Chen decided for the sake of the family to relent. The police took her ID on Sunday to process a formal withdrawal of the suit. “I’m in a great deal of pain but there is no other choice,” she said.
On the mainland, non-governmental organisations offer services for workers that the government-affiliated All-China Federation of Trade Unions fails to provide. But the NGOs remain in a legal grey area as they are denied official registration.
The round-up in December had a chilling effect on the NGO sector, said Zhang Zhiru, director of the Shenzhen-based Chunfeng Labour Dispute Centre. “Many have refrained from handling sensitive cases on the front line after the purge, but we are still doing what we believe and shall not adjust our service to bend to the authorities.”
According to the National Bureau of Statistics, the mainland had 277 million migrant workers in 2015, but at least 1 per cent were affected by back pay. In 2015, the average amount owed was 9,788 yuan (HK$11,725), up by 2.9 per cent over the previous year.
Migrant workers are often the first causalities of the battle under way to shift economic drivers away from investment and manufacturing as global demand for Chinese exports weakens.
As growth slows, hitting 6.7 per cent this quarter, factories are shutting down or relocating. State firms producing steel and coal are also struggling to survive as the central government moves to tackle overcapacity. Beijing said in February that the two sectors would shed about 1.8 million workers, who could find it difficult to learn a new skill set.

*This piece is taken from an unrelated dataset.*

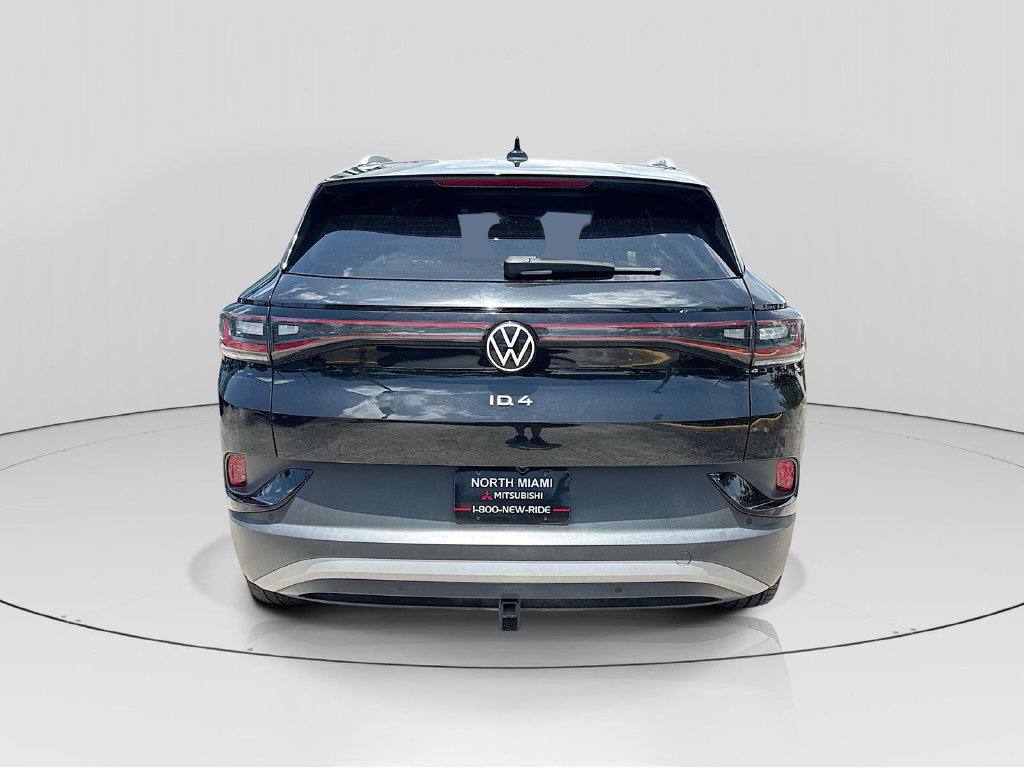 Used 2021 Volkswagen ID.4 1st Edition RWD image 6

In March, tens of thousands of employees of a state coal firm took to the streets in Shuangyashan in Heilongjiang province over back pay. Similar protests have been seen in the mining and steel industries across the nation’s rust belt, including in Jilin province, Heilongjiang’s Qiqihar, Hebei’s Kaiping and Jiangxi’s Pingxiang.

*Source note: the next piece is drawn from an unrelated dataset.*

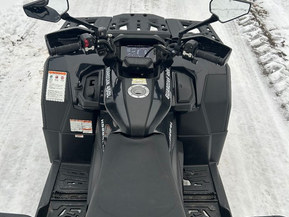 Trapper 450L T3b EPS Guardian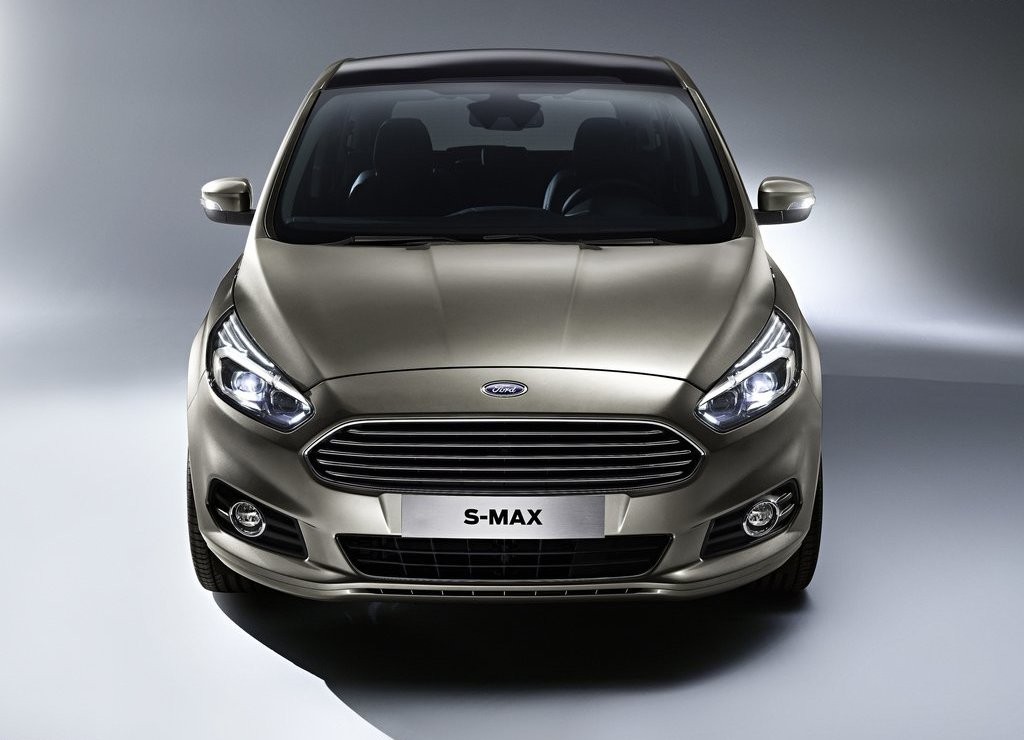 FORD APRESENTA O NOVO S-MAX, foto 9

In one of the latest incidents, workers at Songting Steel in Hebei province gathered outside Qianan city government offices demanding more than seven months of back pay on April 21.

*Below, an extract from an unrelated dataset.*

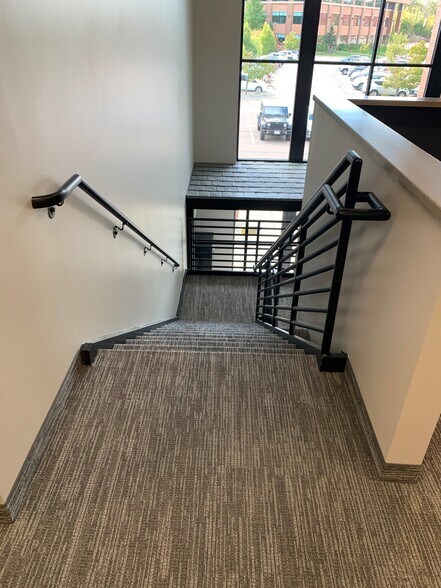 More Photos Of 8147 Globe Dr, Woodbury Medical For Lease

In Guangdong, migrant workers are faced with winning social insurance payments before factories collapse or relocate away from the Pearl River Delta. Only 20 per cent of all migrant workers are covered by the social security scheme, despite it being mandatory for all employees under a law that came into effect in 2001. “Covering retirement pension is a long-term concern for first-generation migrant worker without social security,” said Professor Pun Ngai of Hong Kong Polytechnic University. Another challenge facing workers is finding enough paid overtime.
“It has been harder for workers to find jobs that pay above 3,000 yuan as production orders are depleted,” Pun said. Just two years ago, workers could easily get jobs that paid more than 4,000 yuan with overtime.
She said the transition phase between jobs was also becoming longer, going from one week to three months as factories struggle to keep busy.
Liu Kaiming, a labour researcher at Shenzhen’s Institute of Contemporary Observation, expected labour disputes to be on the rise around the May 1st Labour Day holiday. “There were 1.3 million labour arbitrations recorded last year and the number has been growing steadily by 10 to 15 per cent every year,” Liu said.
“The government used to dedicate seven days for the May 1st holiday but it has become a long weekend holiday instead of a day to uphold labour resistance, to tone down its political flavour.”